— RSyvarth

Archive
Technical

In this blog post I will cover the process that I went through while developing the newsfeed for Duxter and how we created the amazing product that you see today (or will see soon)!

Newsfeeds are one of the most common features among social networking sites today and while they initially seem relatively simple, as we strive for instant interactions across multiple platforms with content which is generated dynamically to the interests of each user, it can become a bit of a technical nightmare. In order to ensure that we ended up with the best product possible I put in a large amount of time researching different types of feeds used across different sites. There are 2 main approaches to the issue, you either generate a newsfeed for each user as new posts are added to their feed and display already formatted content to the user when they load the page or you build the feed every time the user loads the page as they request it. We opted for the latter of these since it allows for greater flexibility and more real-time interactions while avoiding some of the technical issues of the other approach. Overall the architecture of the feed is inspired by Facebook’s newsfeed (if it works for them!) but it is executed in a more simplified way. The feed is separated into 4 major sections: the client, the communication layer, the feed generator, and member stacks. Each of these areas of the feed perform specific tasks and the entire product is designed with speed and efficiency in mind. Let’s begin with the member stacks.

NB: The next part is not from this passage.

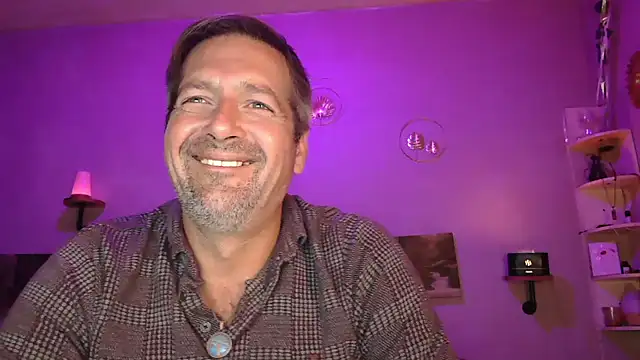 Snapshot of matrikes1 chatting on 09-12-25, 05:46 matrikes1 online show from 09-12-25, 05:46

A visual layout of the newsfeed generation process

Member stacks are at their most basic level are just databases of entry ids and a few related bits of information used for sorting and filtering. They are used to generated a complete structure of a member’s feed that only contains ids representing different newsfeed entries so that we can focus on creating the most condensed version of the information which the user should see without ever pulling more information than is needed. Each member on the site is represented by a different “stack” or a collection in a MongoDB database (redundant, I know). Each stack contains ids for all of the entries which that member has generated either by directly posting content such as a status or automated content generation like posts about the member viewing videos or making purchases in the store. When a user goes to view their newsfeed a certain number of the “latest” entries from each of their friends are pulled from their respective stacks. These ids are then aggregated (through various forms of magic) to prevent your feed from filling up with 100 entries of your friends viewing a cat video. The aggregated entries are then filtered by how important the content is through the use of the previously discussed friend affinity equation and a few other factors such as how old the content is and what type of content was posted (your friend uploading a video is more important than them watching someone else’s video). This is used to come up with an overall rating of how important the content is and only items which meet a certain threshold of importance are kept while the others will not be displayed to the user.* After all of this is done the member stack section returns an array of ids back to the feed generator so that the feed can grab and format the content.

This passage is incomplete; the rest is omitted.